Abbas Mohamad

Personal information
- Full name: Abbas Yassin Mohamad
- Date of birth: 15 June 1998 (age 27)
- Place of birth: Borås, Sweden
- Height: 1.86 m (6 ft 1 in)
- Position: Defender

Team information
- Current team: Newroz SC

Youth career
- Borås Kings
- Elfsborg
- Kronängs

Senior career*
- Years: Team / Apps / (Gls)
- 2015–2022: Norrby / 77 / (3)
- 2017: →Dalstorps (loan) / 8 / (0)
- 2018: →Vårgårda (loan) / 2 / (0)
- 2022: Dalkurd / 5 / (0)
- 2022–2023: GAIS Göteborg
- 2023–2024: Nakhon Ratchasima / 30 / (1)
- 2024-: Newroz SC / 7 / (1)

International career^{‡}
- 2022–: Iraq / 1 / (0)

= Abbas Mohamad =

Iraqi footballer

Abbas Yassin Mohamad (عباس ياسين محمد; born 15 June 1998) is a footballer who last played for Nakhon Ratchasima as a defender. Born in Sweden, he is an international for the Iraq national team.

==Career==
Mohamad is a youth product of Borås Kings, Elfsborg and Kronängs. He began his senior career in the Superettan with Norrby in 2015. On 9 March 2016, he extended his contract with Norrby for 2 more years. On 9 August 2017, he joined Dalstorps on loan for the season. In 2018, he again extended his contract for 3 more years and went on loan with Vårgårda. He transferred to Dalkurd on 1 August 2022.

On 12 December 2022, he joined GAIS on a two-year contract. Later that month, Mohamad made social media posts supporting controversial internet personality Andrew Tate, after Tate's arrest for human trafficking.
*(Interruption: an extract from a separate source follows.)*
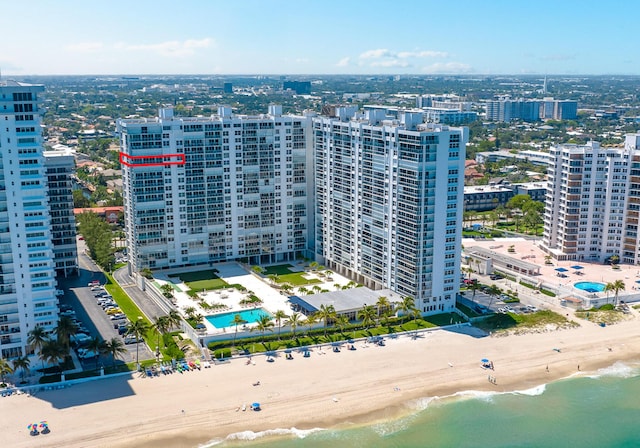 drone / aerial view featuring a view of the beach and a water view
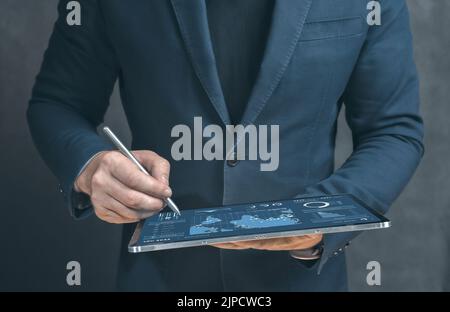 Cropped view of businessman using digital tablet. Digital technology, internet network connection, big data, digital marketing. Technology in business Stock Photo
On New Years Eve, GAIS released a statement saying that the club did not share his viewpoints and would be discussing his social media usage. Mohamad continued to make social media posts supporting Tate and on 7 January 2023, GAIS released a statement saying that he was no longer part of the club.

On 14 July 2023, he joined Nakhon Ratchasima for 1 season.

==International career==
Born in Sweden, Mohamad is of Iraqi descent. He was called up to the senior Iraq national team for the 2022 Jordan International Tournament. On 23 September 2022, Alai made his first team debut for Iraq in a penalty shootout loss against Oman. He debuted in the tournament in a 1–0 win over Syria on 26 September 2022.